Madelaine Petsch wrote recently, “The people who are bullying you, they’re insecure about who they are, and that’s why they’re bullying you. It never has to do with the person they’re bullying. They desperately want to be loved and be accepted, and they go out of their way to make people feel unaccepted so that they’re not alone.”

So what do we do in a world filled with bullies? Do we bully them back? 

No, Christ teaches us to love each other – and that means loving the bullies, too! But that doesn’t mean that we allow them to keep bullying. Bad behavior is bad behavior, and it needs to stop.

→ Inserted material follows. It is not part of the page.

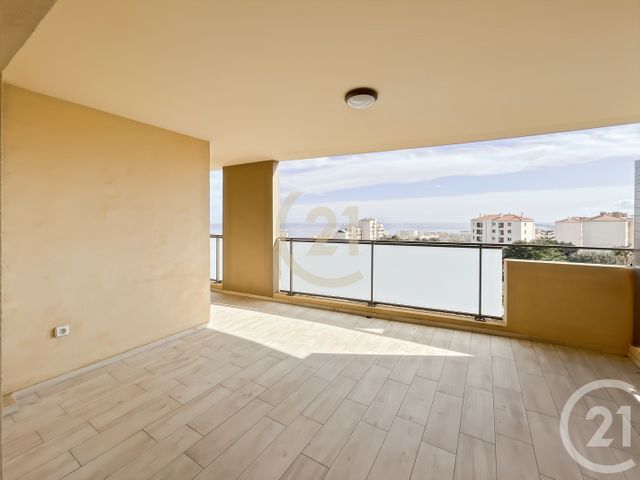 Appartement T2 &agrave; louer - 2 pi&egrave;ces - 44,82 m2 - Bastia - 202 - CORSE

Perhaps the answer is found in John chapter 3 – where it talks about Jesus as the light of the world. Verse 19 says, “This is the verdict: Light has come into the world, but people loved darkness instead of light because their deeds were evil.”

Our best strategy is to shine light. Practice faithfulness. Let your light be seen. The immediate result is that the bullies will then close in and focus on you, because they don’t like their deeds to be made known! But it is the first step in healing. When bullies are prevented from their actions, they will cry that they are being oppressed and their rights are being taken away – but it’s the only way that God can eventually convict and heal them. 

 How can we keep from being bullies (even to bullies)? The best way is to submit ourselves to the authority of others who are also honestly trying to follow Jesus, and ask them to help us to become as humble as Jesus was.